INFORMATION section start

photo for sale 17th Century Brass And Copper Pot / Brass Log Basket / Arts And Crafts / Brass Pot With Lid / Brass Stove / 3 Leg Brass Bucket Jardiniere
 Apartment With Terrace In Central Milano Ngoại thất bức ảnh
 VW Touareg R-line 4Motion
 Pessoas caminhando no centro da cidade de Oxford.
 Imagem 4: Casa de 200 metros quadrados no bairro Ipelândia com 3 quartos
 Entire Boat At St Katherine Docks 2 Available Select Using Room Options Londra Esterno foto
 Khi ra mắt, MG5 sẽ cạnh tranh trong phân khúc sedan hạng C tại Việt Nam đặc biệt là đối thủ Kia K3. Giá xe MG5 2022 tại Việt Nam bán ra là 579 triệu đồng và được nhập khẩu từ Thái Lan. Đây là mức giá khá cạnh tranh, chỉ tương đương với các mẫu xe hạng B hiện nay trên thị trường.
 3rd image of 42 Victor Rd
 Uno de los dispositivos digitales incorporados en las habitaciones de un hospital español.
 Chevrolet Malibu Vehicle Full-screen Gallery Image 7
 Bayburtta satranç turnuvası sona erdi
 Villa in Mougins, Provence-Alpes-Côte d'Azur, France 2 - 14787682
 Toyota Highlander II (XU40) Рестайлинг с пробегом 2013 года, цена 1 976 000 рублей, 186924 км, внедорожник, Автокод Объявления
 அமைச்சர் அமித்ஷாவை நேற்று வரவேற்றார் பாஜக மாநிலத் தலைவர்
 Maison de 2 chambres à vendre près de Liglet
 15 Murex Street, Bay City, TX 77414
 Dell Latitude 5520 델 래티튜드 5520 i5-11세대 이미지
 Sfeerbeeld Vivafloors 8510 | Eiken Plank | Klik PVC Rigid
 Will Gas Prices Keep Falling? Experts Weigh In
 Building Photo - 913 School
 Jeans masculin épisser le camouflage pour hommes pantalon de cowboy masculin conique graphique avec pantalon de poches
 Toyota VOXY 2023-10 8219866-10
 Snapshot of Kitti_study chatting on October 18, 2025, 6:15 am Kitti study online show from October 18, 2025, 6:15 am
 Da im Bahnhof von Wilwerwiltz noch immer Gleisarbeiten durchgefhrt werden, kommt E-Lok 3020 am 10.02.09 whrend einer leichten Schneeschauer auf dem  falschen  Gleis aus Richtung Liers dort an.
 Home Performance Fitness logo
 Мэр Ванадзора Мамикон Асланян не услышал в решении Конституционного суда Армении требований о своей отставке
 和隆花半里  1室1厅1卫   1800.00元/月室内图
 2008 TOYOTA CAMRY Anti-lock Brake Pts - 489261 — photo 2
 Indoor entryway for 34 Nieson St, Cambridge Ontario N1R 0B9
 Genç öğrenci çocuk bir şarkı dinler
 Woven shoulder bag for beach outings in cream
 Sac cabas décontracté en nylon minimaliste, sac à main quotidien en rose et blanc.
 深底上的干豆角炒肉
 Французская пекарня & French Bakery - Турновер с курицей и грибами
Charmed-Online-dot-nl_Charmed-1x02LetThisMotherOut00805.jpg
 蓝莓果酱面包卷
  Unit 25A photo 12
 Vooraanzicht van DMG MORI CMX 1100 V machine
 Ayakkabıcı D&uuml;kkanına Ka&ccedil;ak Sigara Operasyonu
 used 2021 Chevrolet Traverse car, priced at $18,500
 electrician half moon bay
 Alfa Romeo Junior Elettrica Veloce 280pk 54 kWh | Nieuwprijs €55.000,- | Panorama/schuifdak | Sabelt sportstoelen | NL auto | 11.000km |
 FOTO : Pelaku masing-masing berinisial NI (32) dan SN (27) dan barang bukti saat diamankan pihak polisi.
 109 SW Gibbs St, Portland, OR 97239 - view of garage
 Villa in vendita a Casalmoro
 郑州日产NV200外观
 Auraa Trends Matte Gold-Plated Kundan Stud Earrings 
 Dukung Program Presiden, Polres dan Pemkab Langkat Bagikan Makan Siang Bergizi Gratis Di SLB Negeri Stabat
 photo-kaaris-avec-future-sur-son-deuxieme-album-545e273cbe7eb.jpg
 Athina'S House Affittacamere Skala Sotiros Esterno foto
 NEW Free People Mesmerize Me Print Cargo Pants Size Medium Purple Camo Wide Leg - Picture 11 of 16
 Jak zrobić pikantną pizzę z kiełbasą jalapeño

INFORMATION section end

INSTRUCTIONS FOR THE TASK:
Extract all of the data above without altering anything.

RESPONSE FOR THIS EXERCISE:
photo for sale 17th Century Brass And Copper Pot / Brass Log Basket / Arts And Crafts / Brass Pot With Lid / Brass Stove / 3 Leg Brass Bucket Jardiniere
 Apartment With Terrace In Central Milano Ngoại thất bức ảnh
 VW Touareg R-line 4Motion
 Pessoas caminhando no centro da cidade de Oxford.
 Imagem 4: Casa de 200 metros quadrados no bairro Ipelândia com 3 quartos
 Entire Boat At St Katherine Docks 2 Available Select Using Room Options Londra Esterno foto
 Khi ra mắt, MG5 sẽ cạnh tranh trong phân khúc sedan hạng C tại Việt Nam đặc biệt là đối thủ Kia K3. Giá xe MG5 2022 tại Việt Nam bán ra là 579 triệu đồng và được nhập khẩu từ Thái Lan. Đây là mức giá khá cạnh tranh, chỉ tương đương với các mẫu xe hạng B hiện nay trên thị trường.
 3rd image of 42 Victor Rd
 Uno de los dispositivos digitales incorporados en las habitaciones de un hospital español.
 Chevrolet Malibu Vehicle Full-screen Gallery Image 7
 Bayburtta satranç turnuvası sona erdi
 Villa in Mougins, Provence-Alpes-Côte d'Azur, France 2 - 14787682
 Toyota Highlander II (XU40) Рестайлинг с пробегом 2013 года, цена 1 976 000 рублей, 186924 км, внедорожник, Автокод Объявления
 அமைச்சர் அமித்ஷாவை நேற்று வரவேற்றார் பாஜக மாநிலத் தலைவர்
 Maison de 2 chambres à vendre près de Liglet
 15 Murex Street, Bay City, TX 77414
 Dell Latitude 5520 델 래티튜드 5520 i5-11세대 이미지
 Sfeerbeeld Vivafloors 8510 | Eiken Plank | Klik PVC Rigid
 Will Gas Prices Keep Falling? Experts Weigh In
 Building Photo - 913 School
 Jeans masculin épisser le camouflage pour hommes pantalon de cowboy masculin conique graphique avec pantalon de poches
 Toyota VOXY 2023-10 8219866-10
 Snapshot of Kitti_study chatting on October 18, 2025, 6:15 am Kitti study online show from October 18, 2025, 6:15 am
 Da im Bahnhof von Wilwerwiltz noch immer Gleisarbeiten durchgefhrt werden, kommt E-Lok 3020 am 10.02.09 whrend einer leichten Schneeschauer auf dem  falschen  Gleis aus Richtung Liers dort an.
 Home Performance Fitness logo
 Мэр Ванадзора Мамикон Асланян не услышал в решении Конституционного суда Армении требований о своей отставке
 和隆花半里  1室1厅1卫   1800.00元/月室内图
 2008 TOYOTA CAMRY Anti-lock Brake Pts - 489261 — photo 2
 Indoor entryway for 34 Nieson St, Cambridge Ontario N1R 0B9
 Genç öğrenci çocuk bir şarkı dinler
 Woven shoulder bag for beach outings in cream
 Sac cabas décontracté en nylon minimaliste, sac à main quotidien en rose et blanc.
 深底上的干豆角炒肉
 Французская пекарня & French Bakery - Турновер с курицей и грибами
Charmed-Online-dot-nl_Charmed-1x02LetThisMotherOut00805.jpg
 蓝莓果酱面包卷
  Unit 25A photo 12
 Vooraanzicht van DMG MORI CMX 1100 V machine
 Ayakkabıcı D&uuml;kkanına Ka&ccedil;ak Sigara Operasyonu
 used 2021 Chevrolet Traverse car, priced at $18,500
 electrician half moon bay
 Alfa Romeo Junior Elettrica Veloce 280pk 54 kWh | Nieuwprijs €55.000,- | Panorama/schuifdak | Sabelt sportstoelen | NL auto | 11.000km |
 FOTO : Pelaku masing-masing berinisial NI (32) dan SN (27) dan barang bukti saat diamankan pihak polisi.
 109 SW Gibbs St, Portland, OR 97239 - view of garage
 Villa in vendita a Casalmoro
 郑州日产NV200外观
 Auraa Trends Matte Gold-Plated Kundan Stud Earrings 
 Dukung Program Presiden, Polres dan Pemkab Langkat Bagikan Makan Siang Bergizi Gratis Di SLB Negeri Stabat
 photo-kaaris-avec-future-sur-son-deuxieme-album-545e273cbe7eb.jpg
 Athina'S House Affittacamere Skala Sotiros Esterno foto
 NEW Free People Mesmerize Me Print Cargo Pants Size Medium Purple Camo Wide Leg - Picture 11 of 16
 Jak zrobić pikantną pizzę z kiełbasą jalapeño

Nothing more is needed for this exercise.